As students of Renewable Energy and Geography who had no awareness prior to research on this “forgotten industry”, they were enthusiastic to plant a seed of doubt on fast-fashion across campus, in the hopes that if people jumped on-board sustainable fashion, they would see how damaging regular consumption of cheap and quick clothes are- not only to their bank balances.
As part of their campaign they created a pop-up ‘Swap Shop’ at The Compass on Penryn Campus, where people brought un-worn gems of clothing, to swap with their peers, all for free!
With overwhelming support from housemates, students and their Instagram Page @swapshoppenryncampus (go check out for fashion inspo and eco-friendly facts) they are optimistic this trend can prosper in our Cornish student community and beyond: “People have shown quite a lot of interest, so I think it has quite a lot of potential to catch on.”
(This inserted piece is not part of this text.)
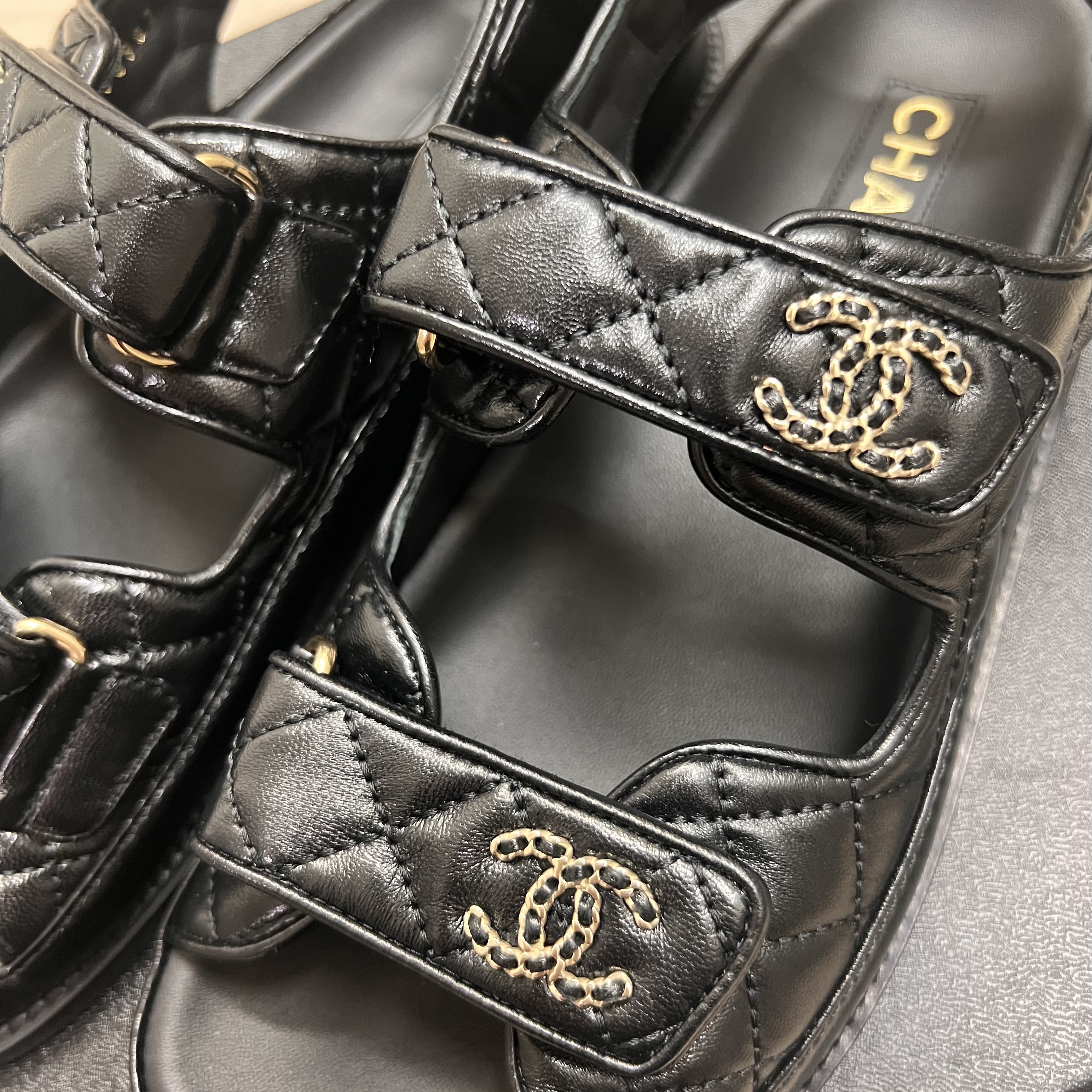 (W) Chanel Sandals Lambskin & Black 착용 스타일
“There aren’t particularly any downsides to it, you don’t need to invest any more time or money into it” and investing in fashion which is “not the same as what everyone else has, you can adapt it to your own style.”
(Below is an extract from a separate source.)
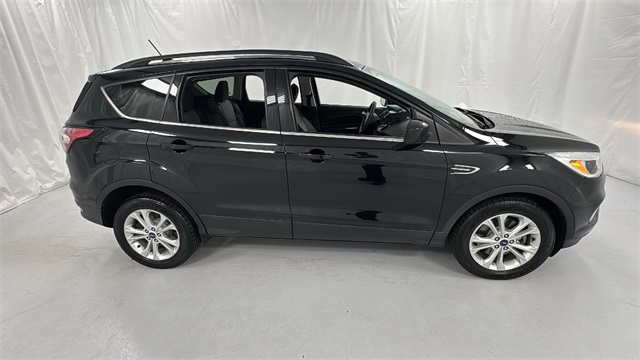 Used 2018 Ford Escape SE with VIN 1FMCU9GD9JUA34426 for sale in Janesville, WI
The Swap Shop campaign encapsulates a simple every day change that they hope will capture the attention of a student demographic at the fore-front of online shopping, consuming and investing in new clothes. Their motto is simple: “If you are going to buy things new, you could buy better quality, and longer lasting products. And fix things instead of throwing them away”- yes, this includes that holey jumper, because no, you don’t need another one.
So, what every-day changes can fashionistas and clothing muggles alike make to combat one of the biggest climate change issues in the world? Imogen, Louis, Abbie and Lizzy have three easy tricks:
- Sharing is caring: “It’s one of those things people can do themselves, get friends together, and do it in their homes. Or just swapping between two people, it doesn’t have to be on a big scale.
- Give it a go: “as soon as you start doing it, you realise how good it is. It’s one of those things you’ve got to throw yourself into”
- Be aware of your shopping habits: “And resist from buying another new stripy t-shirt” (which I must add, they say while three of them are sat wearing stripy t-shirts together!)
In the age of consumers demanding further transparency into fashion corporations manufacturing methods and a rising trend in our generation mending clothes, initiatives such as Swap Shop are an exciting step in battling a destructive fast-fashion culture.
“If we reach 1 person out of 10 even, that’s a big enough impact.”